И уже на ступеньках лестницы, водрузив монокль, Эга крикнул Карлосу:
— Забыл тебе сказать: я издаю мою книгу!
— Как! И скоро она выйдет? — Карлос был изумлен.
— Да нет, она еще только набросана, в самых общих чертах…
Книга Эги! Еще в Коимбре, в последние годы, он беспрестанно говорил о своей книге, повествуя о канве будущего сочинения, перечисляя названия глав и цитируя в кофейнях громкозвучные фразы. Среди друзей Эги его будущая книга провозглашалась творением, чья форма и идеи должны послужить толчком к дальнейшему развитию литературы. В Лиссабоне (где Эга, приезжая на каникулы, задавал ужины в ресторане Силвы) его книга предвкушалась как событие. Бакалавры, однокашники Эги, его сверстники увозили из Коимбры, разнося по провинциям и островам, молву о сочинении Эги. Каким-то образом молва эта достигла даже Бразилии. И под напором столь нетерпеливо-страстных надежд, связанных с его книгой, Эга наконец решился ее написать.
По словам Эги, это должна была быть эпопея в прозе, где в символических эпизодах излагались бы великие вехи в истории Вселенной и Человечества. Книга называлась «Мемуары Атома» и задумана была в форме автобиографии. Сей Атом (атом самого Эги, о чем он всерьез объявил еще в Коимбре) появлялся сразу же в первой главе, носясь среди первозданных туманностей; затем раскаленной искрой он вращался в огненной массе, из коей впоследствии образовалась Земля; наконец он становился частицей первого листка на первом растении, проросшем из еще не затвердевшей земной коры. После чего, участвуя во всех превращениях материи, Атом Эги влился в грубое естество Орангутанга, прародителя человека, а много позже обитал на устах Платона. Он чернел в нитях вретища святых, сверкал в мечах героев, бился в сердцах поэтов. Каплей вод Галилейских он внимал проповеди Христа предвечерней порой, когда апостолы вымывали сети; частицей дерева в трибуне Конвента ощущал холод Робеспьеровой руки. Он блуждал в обширных кольцах Сатурна; рассветы Земли покрывали его росой в сверкавшем лепестке еще не пробудившейся томной лилии. Атом был вездесущ и всеведущ. И, очутившись наконец на кончике пера Эги, изнемогший от странствий в беспредельности Естества, он предавался отдыху и писал свои «Мемуары»… Вот каков был сей гигантский труд, о коем поклонники Эги, еще в Коимбре, говорили задумчиво и как бы подавленные бременем почтения:
— Это новая Библия!
V
Несмотря на поздний час в кабинете Афонсо да Майа все еще играли в вист. Карточный стол стоял на своем обычном месте, возле камина, с уже угасавшим среди раскаленных углей пламенем; стол был огорожен японскими ширмами, поскольку дон Диого страдал бронхитом и безумно боялся сквозняков.

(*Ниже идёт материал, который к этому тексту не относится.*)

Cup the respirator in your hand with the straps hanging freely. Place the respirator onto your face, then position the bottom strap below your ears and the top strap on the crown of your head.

Сей старый денди, коего дамы времен его молодости именовали Красавцем Диого, тореро галантных коррид, побывавший чуть ли не в постели королевы, вынужден был прервать игру из-за страшного приступа кашля, глухого, жесткого, мучительного, от которого он сотрясался подобно руине и который старался заглушить, прижимая ко рту платок; жилы у него готовы были лопнуть, и весь он побагровел до корней волос.

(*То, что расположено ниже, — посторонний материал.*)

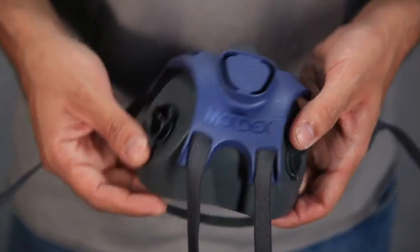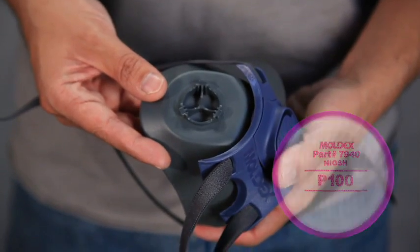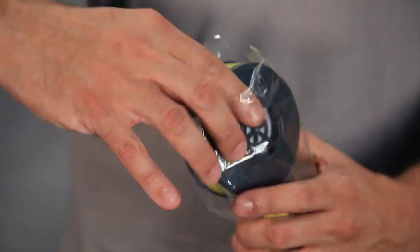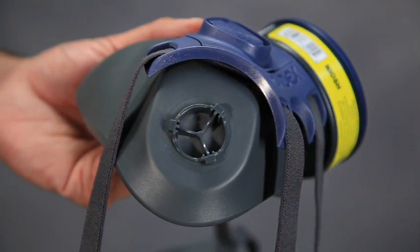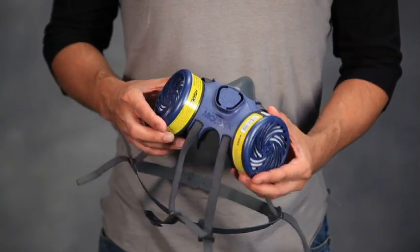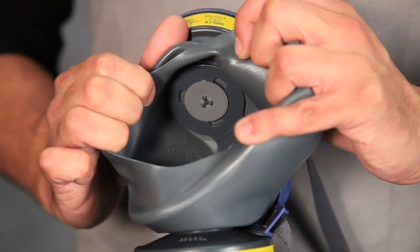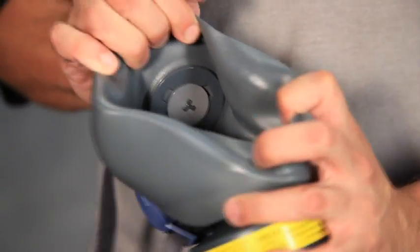Inspect the face piece to cartridge or filter disc sealing surfaces to make sure they are clean and undamaged. Only use cartridges or filters from sealed bags. To attach, align the three notches with the three bayonets protruding from the face piece and firmly turn clockwise until locked into position and unable to turn any further. Check to see that it is seated and flush against the face piece. Then check the inhalation diaphragms for dirt and or damage and to verify that they are seated properly.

Приступ прошел. Еще дрожащей рукой дряхлый лев отер выступившие на покрасневших глазах слезы, поправил махровую розу в петлице редингота, глотнул крепкого чая и хрипло прошептал:
— Трефы, да?
И вновь карты легли на зеленое сукно, и воцарилось молчание, как всегда после приступов кашля у дона Диого. Слышалось только прерывистое, свистящее дыхание генерала Секейры, которому в тот вечер ужасно не везло; досадуя на Виласу, своего партнера, генерал, с багровым от прилившей крови лицом, что-то недовольно ворчал про себя.

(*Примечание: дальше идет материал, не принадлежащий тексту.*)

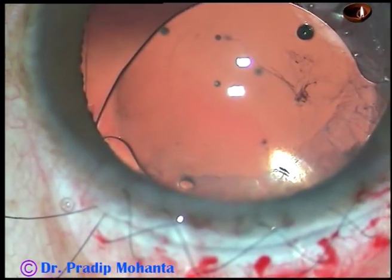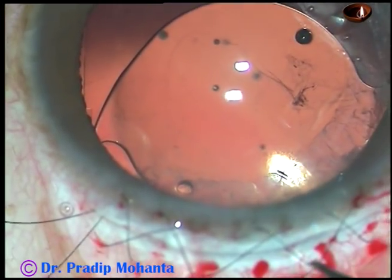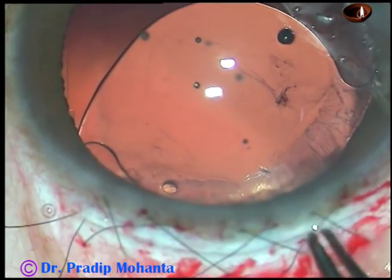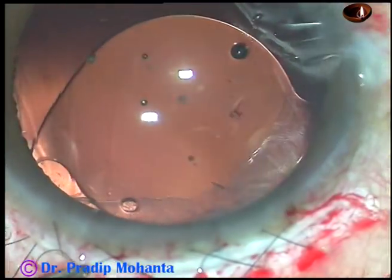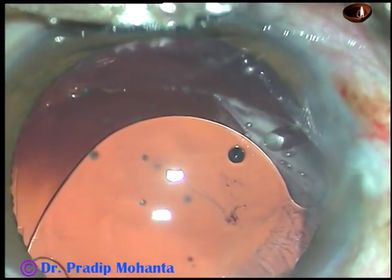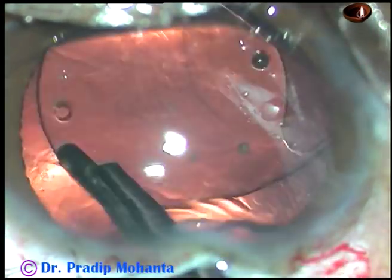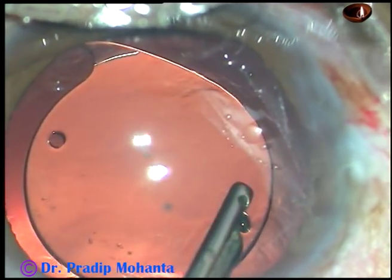Use McPherson's forceps and a straight suture tying forceps to pull the sutures like this. If you pull the sutures like this, it looks beautiful. Now go through this wound without tying it and remove the viscoelastic substance that you have used for implantation of the intraocular lens. Remove the viscoelastic substance very nicely.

Раздался нежный звон, и часы эпохи Людовика XV весело и бойко пробили полночь, после чего серебром прозвенела и тут же угасла мелодия менуэта. И вновь наступила тишина. Свет двух больших карсельных ламп, проникавший сквозь алое кружево абажypoв, падал на пунцовую обивку стен и на стулья, бросая на все легкий розовый отблеск и словно обволакивая комнату воздушным облаком, в котором она купалась и погружалась в сон; лишь кое-где на темных дубовых полках поблескивала золотая роспись севрского фарфора, белизна мрамора или глазурь старой майолики.